Long Gone is an unsentimental book. Do not look here for a description of the good old days, or for a rhapsody about a time when people had values and knew right from wrong, or any other broad pronouncements that I suspect Willis would label as romantic nonsense. Instead, he depicts life on a small Iowa farm during tough economic times with highly personal honesty. Willis’ Marengo had its share of mental illness, poverty, domestic violence, brutality to animals, and other social ills. By presenting these troubles in a straightforward fashion, Willis helps his readers to understand the past freed from the illusions of nostalgia.

Willis balances his memoir by also presenting positive aspects of rural life during the mid-twentieth century. He describes a place where residents felt part of a community and helped each other to get through the hard times. When he returns to visit his hometown during the 1990s for his brother’s funeral, Willis finds Marengo’s main street almost empty of businesses. He laments the end of the vibrant Saturday night scenes of his youth, a time when farm families visited town to shop, visit, and renew community ties. Farmers also felt a sincere bond to the land that they worked. Late in life Willis found he shared this bond and it drew him back to write this memoir.

The memoir is not organized in a linear fashion, but instead moves back and forth in time, focusing on the period from 1933–1947. Willis also moves from topic to topic in a loose and fluid way. This structure gives the reader a feeling of sitting and listening to a friend’s stories. Willis’ spare, but evocative, writing style fits well with his unsentimental approach to the topic. Willis’ family, particularly his mother, father, and grandparents, are the main characters of this memoir and he brings the same unflinching directness to writing about family relationships as he does to life on the farm.

Willis’ depictions of the hard and repetitive work of farming, woven throughout the book, are particularly rich and full of useful details. He includes tasks such as threshing grain, milking cows, and canning vegetables.
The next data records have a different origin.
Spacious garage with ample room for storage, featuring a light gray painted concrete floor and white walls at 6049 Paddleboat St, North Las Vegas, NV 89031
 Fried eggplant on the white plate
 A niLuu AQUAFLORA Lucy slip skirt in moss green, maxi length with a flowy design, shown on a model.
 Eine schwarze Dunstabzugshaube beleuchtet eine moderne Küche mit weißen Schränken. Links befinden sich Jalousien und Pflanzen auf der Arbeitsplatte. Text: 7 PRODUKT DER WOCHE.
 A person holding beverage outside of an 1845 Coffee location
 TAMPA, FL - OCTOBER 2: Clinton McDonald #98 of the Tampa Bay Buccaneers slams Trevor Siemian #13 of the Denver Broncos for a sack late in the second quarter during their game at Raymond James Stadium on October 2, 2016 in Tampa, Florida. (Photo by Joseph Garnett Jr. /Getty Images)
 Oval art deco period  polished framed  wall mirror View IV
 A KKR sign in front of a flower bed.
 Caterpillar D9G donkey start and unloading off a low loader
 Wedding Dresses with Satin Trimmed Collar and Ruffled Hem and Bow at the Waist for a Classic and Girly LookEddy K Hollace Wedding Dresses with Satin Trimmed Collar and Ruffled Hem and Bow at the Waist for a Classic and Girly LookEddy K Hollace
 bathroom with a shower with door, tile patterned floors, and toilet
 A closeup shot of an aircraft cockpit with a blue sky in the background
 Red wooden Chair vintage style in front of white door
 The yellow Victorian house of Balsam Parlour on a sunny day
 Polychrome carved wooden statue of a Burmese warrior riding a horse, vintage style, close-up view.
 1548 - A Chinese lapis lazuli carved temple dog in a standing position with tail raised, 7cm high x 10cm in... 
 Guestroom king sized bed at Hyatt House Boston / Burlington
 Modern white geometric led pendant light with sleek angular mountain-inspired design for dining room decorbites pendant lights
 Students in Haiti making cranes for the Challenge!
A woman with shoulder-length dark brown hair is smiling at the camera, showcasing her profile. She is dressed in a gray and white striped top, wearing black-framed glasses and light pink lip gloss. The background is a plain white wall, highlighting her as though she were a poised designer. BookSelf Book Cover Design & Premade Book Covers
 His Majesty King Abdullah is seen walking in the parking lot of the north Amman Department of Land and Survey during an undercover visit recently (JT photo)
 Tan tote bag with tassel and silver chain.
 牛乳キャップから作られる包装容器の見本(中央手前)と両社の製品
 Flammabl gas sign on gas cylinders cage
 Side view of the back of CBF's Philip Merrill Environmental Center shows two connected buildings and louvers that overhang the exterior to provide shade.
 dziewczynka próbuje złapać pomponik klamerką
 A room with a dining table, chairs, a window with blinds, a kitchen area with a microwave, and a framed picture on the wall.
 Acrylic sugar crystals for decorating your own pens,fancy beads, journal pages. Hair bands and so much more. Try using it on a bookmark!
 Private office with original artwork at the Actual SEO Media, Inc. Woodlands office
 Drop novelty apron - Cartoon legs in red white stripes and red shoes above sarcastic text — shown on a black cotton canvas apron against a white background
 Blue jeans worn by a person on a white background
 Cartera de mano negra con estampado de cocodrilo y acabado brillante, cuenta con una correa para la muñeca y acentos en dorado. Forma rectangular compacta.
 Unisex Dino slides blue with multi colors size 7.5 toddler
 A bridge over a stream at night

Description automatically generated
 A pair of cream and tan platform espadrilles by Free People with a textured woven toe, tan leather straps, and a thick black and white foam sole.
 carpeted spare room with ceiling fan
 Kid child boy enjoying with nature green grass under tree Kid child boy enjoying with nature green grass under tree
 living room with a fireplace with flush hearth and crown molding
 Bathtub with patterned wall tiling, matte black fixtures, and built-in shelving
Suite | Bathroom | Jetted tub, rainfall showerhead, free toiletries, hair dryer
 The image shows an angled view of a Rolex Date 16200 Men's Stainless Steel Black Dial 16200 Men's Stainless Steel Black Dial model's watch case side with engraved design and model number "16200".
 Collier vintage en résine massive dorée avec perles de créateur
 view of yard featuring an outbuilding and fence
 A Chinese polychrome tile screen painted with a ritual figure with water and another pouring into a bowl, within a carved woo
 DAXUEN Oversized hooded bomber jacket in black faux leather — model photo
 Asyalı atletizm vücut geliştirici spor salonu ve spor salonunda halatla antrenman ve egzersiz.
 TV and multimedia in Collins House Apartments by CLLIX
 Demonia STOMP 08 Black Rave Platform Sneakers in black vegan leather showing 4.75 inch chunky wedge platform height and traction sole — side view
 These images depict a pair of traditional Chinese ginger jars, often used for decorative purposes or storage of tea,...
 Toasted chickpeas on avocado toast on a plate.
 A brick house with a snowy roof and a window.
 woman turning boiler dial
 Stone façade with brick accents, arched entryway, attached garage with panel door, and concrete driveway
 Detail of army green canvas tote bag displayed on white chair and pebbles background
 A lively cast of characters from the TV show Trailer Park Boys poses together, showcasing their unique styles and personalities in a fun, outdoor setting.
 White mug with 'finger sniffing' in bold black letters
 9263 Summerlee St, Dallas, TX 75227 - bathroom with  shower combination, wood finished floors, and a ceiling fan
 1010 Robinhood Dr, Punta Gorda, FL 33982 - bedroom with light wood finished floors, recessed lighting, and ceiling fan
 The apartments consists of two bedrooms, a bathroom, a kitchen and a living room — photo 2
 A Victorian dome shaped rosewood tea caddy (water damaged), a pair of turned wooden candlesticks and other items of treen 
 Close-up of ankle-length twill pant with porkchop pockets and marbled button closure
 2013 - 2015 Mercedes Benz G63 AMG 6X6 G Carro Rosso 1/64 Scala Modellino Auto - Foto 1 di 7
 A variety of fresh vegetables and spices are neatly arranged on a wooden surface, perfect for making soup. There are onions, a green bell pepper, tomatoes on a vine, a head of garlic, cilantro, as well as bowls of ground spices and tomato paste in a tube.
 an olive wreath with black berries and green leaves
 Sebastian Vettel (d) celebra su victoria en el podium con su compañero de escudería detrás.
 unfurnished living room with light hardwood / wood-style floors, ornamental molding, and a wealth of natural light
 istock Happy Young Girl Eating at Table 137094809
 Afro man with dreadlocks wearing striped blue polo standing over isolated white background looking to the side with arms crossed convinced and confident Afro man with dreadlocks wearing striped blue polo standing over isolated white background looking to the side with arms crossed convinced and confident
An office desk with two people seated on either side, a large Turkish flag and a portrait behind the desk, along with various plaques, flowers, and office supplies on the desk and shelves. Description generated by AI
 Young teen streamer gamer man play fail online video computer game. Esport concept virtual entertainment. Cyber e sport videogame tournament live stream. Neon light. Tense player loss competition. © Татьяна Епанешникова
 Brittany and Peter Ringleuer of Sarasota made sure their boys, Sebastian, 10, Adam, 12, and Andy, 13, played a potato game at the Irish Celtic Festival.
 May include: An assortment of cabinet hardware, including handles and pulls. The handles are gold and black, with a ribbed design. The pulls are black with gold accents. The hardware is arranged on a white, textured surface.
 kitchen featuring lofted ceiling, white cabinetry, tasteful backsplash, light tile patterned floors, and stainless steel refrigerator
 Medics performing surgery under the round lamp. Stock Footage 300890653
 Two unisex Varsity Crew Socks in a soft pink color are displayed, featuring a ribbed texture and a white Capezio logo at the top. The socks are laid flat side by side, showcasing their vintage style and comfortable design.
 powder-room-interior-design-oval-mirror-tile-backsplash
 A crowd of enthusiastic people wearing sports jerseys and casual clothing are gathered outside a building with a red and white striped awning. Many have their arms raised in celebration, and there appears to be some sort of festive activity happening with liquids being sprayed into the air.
For example, in his chapter “While the Sun Shines,” Willis discusses how his family put up hay, including personal details such as the neighbors’ comments about his father’s new hayfork, the difficulty he had learning to hitch up a team of horses correctly and efficiently, and descriptions of the many dangers that workers had to avoid. Willis also pays careful attention to gender and age divisions of farm work during the mid-twentieth century.

Willis describes a lifestyle, which is now often interpreted as the epitome of independence, as one of servitude: his family was tied to the demands of livestock that needed care multiple times every day, they labored on land that they did not own, and they were frequently barely able to keep ahead of their debts. Furthermore, his discussions of the economics of farming, then and now, emphasize the continuing difficulty of making a living off a family farm that has resulted in depopulated Midwestern small towns.

This account is not a comprehensive discussion of farming and rural life in the Middle West during the mid-twentieth century. It is not meant to be. It is a personal memoir that presents a rich portrait of this time and place and thus gives the reader a greater understanding of what it felt like to be a part of it.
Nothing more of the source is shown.